:: DATA SECTION ::
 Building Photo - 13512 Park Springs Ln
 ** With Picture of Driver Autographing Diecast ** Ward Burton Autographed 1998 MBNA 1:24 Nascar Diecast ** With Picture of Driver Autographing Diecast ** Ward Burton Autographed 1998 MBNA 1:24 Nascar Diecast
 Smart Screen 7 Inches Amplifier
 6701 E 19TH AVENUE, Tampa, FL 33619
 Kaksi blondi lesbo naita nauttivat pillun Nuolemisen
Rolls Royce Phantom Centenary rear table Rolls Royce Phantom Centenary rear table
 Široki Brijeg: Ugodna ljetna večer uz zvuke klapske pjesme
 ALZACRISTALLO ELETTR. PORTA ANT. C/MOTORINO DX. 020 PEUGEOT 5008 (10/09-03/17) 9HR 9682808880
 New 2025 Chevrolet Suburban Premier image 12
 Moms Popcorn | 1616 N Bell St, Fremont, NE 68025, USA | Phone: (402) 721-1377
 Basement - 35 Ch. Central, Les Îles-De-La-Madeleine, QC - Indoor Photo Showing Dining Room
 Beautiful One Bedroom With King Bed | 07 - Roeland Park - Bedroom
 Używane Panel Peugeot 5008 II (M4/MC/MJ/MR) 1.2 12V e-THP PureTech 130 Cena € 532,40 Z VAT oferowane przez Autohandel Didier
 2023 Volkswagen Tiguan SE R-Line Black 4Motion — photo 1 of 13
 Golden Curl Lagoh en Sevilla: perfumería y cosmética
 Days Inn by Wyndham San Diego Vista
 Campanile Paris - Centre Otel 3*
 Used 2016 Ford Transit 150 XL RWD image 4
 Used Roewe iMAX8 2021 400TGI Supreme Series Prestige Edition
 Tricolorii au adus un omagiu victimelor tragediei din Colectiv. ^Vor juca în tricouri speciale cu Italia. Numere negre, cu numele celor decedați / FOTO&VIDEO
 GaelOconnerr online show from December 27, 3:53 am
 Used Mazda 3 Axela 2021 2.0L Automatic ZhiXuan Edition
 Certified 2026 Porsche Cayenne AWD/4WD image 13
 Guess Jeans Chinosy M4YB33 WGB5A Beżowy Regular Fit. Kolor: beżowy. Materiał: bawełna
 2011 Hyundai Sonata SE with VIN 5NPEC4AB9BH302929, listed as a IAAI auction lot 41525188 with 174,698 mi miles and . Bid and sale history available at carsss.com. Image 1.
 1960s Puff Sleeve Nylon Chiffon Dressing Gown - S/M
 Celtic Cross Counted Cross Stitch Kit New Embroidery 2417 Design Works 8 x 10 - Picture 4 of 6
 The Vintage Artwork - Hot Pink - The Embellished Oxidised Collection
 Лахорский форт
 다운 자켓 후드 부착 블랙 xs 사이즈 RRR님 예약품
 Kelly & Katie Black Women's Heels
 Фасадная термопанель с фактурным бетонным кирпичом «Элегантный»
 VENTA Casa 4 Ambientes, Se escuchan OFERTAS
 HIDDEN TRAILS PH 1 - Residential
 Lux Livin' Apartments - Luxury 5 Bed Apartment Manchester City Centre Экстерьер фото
:::
> WHAT YOU ARE ASKED TO DO
Scan the records for the word "Edition". Copy each line where it turns up.

> RESPONSE AREA
 Used Roewe iMAX8 2021 400TGI Supreme Series Prestige Edition
 Used Mazda 3 Axela 2021 2.0L Automatic ZhiXuan Edition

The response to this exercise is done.